The entries below hold a line with "Phát hiện thanh" and a line with "Falda corta de". Return those lines and all that lie between them, exactly and only.

(Records from a collection)
-*-
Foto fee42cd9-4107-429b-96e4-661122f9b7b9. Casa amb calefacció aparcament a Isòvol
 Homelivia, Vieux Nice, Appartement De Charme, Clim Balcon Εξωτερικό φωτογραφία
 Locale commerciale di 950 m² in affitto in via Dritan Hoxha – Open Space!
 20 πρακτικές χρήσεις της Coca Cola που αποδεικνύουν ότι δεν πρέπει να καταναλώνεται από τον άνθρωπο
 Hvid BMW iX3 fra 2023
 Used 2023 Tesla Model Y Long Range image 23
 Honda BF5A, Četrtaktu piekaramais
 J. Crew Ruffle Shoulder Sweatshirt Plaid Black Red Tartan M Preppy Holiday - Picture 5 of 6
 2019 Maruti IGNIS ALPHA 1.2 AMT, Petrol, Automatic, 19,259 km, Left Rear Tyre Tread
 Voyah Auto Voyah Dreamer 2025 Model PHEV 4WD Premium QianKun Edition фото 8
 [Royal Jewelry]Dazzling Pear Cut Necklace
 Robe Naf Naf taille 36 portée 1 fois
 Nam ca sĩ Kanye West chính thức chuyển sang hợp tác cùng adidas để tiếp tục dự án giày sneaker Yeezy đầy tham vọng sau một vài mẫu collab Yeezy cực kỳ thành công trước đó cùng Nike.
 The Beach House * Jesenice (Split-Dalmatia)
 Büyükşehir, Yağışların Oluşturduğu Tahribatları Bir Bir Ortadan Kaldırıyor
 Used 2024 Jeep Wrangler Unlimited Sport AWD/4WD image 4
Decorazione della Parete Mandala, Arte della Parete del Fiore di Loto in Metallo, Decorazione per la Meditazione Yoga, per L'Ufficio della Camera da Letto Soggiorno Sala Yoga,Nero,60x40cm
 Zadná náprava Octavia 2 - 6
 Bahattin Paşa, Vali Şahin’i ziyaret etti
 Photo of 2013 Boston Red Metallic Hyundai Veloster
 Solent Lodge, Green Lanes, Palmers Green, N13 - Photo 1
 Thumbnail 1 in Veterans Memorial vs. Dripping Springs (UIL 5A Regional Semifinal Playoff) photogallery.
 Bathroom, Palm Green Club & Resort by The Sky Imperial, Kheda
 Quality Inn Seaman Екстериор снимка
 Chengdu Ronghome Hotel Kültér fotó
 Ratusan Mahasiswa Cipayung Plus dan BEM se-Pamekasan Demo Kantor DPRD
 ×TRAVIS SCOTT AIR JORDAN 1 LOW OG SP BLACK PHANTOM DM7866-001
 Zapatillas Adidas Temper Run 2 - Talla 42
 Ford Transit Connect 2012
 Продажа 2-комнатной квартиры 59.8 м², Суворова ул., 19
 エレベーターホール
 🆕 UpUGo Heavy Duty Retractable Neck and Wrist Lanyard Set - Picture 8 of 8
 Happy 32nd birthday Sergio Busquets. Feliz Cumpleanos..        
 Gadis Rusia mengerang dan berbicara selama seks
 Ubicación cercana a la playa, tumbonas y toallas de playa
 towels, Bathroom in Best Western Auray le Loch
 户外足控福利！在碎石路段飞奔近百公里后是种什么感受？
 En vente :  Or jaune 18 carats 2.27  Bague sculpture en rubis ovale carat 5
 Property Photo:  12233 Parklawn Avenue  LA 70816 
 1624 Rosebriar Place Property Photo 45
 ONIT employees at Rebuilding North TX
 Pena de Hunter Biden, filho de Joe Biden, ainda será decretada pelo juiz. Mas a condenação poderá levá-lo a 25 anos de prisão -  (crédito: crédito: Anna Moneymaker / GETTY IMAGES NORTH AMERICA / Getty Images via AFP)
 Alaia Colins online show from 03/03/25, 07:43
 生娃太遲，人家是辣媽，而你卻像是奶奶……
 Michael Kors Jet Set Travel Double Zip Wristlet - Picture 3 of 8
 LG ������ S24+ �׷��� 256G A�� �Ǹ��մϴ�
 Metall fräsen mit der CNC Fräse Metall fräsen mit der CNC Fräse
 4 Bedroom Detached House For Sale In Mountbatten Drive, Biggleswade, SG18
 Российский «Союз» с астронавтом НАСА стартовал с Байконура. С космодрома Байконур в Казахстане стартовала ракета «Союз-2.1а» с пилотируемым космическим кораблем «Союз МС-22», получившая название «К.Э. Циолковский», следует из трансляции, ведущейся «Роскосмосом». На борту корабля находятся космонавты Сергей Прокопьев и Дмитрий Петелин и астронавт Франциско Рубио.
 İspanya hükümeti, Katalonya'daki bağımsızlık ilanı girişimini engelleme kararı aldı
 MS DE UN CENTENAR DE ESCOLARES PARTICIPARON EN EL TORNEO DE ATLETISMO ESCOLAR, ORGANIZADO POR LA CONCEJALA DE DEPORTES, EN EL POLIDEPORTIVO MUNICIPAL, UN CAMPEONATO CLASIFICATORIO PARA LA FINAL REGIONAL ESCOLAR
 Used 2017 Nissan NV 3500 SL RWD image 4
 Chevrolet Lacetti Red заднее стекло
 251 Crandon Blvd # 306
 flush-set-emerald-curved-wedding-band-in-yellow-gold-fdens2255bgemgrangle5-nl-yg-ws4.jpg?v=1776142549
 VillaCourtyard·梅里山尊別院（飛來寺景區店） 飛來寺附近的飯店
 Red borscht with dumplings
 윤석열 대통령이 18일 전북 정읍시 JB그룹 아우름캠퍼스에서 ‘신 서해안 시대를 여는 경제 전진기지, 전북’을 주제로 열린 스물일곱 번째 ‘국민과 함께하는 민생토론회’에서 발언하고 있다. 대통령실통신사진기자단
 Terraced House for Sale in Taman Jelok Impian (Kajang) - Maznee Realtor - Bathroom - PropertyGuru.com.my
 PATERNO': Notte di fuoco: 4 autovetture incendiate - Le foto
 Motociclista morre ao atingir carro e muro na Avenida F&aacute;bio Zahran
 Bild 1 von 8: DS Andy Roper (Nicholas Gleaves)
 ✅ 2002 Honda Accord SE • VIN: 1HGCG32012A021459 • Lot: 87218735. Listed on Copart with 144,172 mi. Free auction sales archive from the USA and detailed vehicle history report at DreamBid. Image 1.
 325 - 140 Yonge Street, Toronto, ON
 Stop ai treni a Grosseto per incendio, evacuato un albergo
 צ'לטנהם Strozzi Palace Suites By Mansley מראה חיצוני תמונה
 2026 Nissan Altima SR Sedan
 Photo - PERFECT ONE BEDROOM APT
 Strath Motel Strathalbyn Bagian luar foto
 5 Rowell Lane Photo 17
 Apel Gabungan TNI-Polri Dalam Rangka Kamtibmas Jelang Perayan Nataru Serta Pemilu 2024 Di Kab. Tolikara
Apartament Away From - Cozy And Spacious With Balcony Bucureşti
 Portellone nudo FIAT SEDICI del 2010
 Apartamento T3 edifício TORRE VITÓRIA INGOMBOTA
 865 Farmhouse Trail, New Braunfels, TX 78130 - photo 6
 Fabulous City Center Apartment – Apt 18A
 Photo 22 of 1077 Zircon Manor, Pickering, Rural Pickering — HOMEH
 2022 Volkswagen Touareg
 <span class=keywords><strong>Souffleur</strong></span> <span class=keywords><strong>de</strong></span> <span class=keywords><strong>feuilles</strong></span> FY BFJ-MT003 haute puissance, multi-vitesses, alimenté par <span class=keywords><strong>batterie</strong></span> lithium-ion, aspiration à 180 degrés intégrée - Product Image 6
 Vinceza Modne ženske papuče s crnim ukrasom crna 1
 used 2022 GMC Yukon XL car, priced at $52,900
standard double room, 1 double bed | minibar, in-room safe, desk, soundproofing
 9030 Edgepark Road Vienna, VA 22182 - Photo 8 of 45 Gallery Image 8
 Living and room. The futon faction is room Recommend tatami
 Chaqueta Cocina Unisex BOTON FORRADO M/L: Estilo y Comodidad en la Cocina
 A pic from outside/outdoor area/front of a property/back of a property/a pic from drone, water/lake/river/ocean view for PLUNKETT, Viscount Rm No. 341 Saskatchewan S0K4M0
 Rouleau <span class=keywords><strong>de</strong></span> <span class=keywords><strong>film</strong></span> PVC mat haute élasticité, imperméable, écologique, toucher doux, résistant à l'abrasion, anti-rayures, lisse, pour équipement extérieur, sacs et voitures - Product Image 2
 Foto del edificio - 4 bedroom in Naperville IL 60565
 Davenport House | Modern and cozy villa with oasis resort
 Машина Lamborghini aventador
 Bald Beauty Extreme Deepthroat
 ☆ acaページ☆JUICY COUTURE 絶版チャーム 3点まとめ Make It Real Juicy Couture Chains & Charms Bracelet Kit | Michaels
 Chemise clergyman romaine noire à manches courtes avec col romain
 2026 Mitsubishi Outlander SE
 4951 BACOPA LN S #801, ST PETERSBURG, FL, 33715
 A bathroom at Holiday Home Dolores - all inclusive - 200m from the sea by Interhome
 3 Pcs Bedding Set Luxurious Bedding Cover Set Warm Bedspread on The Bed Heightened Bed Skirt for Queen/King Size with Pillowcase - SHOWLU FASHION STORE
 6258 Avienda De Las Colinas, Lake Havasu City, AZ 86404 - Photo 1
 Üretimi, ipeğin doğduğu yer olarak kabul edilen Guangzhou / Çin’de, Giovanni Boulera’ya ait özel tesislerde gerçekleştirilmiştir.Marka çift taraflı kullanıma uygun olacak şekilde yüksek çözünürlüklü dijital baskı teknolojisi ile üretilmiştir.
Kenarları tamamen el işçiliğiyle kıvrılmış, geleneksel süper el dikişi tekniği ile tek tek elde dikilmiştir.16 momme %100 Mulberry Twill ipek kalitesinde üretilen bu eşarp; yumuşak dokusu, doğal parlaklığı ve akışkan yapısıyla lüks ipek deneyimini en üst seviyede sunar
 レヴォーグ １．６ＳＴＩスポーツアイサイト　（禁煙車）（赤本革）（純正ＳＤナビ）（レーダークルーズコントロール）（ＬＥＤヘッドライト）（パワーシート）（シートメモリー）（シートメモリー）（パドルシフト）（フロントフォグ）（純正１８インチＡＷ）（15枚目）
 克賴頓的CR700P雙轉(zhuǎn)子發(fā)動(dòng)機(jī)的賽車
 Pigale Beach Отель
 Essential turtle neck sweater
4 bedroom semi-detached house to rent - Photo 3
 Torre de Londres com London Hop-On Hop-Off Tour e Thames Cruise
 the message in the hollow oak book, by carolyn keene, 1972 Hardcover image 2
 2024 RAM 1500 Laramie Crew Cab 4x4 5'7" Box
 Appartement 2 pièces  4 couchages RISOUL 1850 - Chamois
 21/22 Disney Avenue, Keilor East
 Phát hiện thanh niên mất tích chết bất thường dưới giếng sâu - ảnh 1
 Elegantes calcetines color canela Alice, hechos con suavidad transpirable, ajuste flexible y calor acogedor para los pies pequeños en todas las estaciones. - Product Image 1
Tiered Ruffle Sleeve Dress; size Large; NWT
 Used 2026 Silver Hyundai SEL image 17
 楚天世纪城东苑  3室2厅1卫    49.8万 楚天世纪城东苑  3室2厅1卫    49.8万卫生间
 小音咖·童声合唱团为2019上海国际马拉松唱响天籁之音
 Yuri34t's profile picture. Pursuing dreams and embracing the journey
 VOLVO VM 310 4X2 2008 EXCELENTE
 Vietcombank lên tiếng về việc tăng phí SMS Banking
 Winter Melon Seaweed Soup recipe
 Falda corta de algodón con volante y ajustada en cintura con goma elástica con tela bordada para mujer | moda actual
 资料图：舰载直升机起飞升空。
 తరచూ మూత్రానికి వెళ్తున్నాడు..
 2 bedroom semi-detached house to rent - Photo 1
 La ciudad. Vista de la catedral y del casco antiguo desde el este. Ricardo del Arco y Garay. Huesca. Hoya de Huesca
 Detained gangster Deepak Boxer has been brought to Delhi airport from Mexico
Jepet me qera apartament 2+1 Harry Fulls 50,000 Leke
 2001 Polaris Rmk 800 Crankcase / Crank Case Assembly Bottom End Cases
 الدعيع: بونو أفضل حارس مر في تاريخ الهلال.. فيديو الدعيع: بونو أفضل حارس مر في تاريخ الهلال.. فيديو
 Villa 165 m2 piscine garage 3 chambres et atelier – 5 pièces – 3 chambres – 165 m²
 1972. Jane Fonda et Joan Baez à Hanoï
-*-
Written reply:
 Phát hiện thanh niên mất tích chết bất thường dưới giếng sâu - ảnh 1
 Elegantes calcetines color canela Alice, hechos con suavidad transpirable, ajuste flexible y calor acogedor para los pies pequeños en todas las estaciones. - Product Image 1
Tiered Ruffle Sleeve Dress; size Large; NWT
 Used 2026 Silver Hyundai SEL image 17
 楚天世纪城东苑  3室2厅1卫    49.8万 楚天世纪城东苑  3室2厅1卫    49.8万卫生间
 小音咖·童声合唱团为2019上海国际马拉松唱响天籁之音
 Yuri34t's profile picture. Pursuing dreams and embracing the journey
 VOLVO VM 310 4X2 2008 EXCELENTE
 Vietcombank lên tiếng về việc tăng phí SMS Banking
 Winter Melon Seaweed Soup recipe
 Falda corta de algodón con volante y ajustada en cintura con goma elástica con tela bordada para mujer | moda actual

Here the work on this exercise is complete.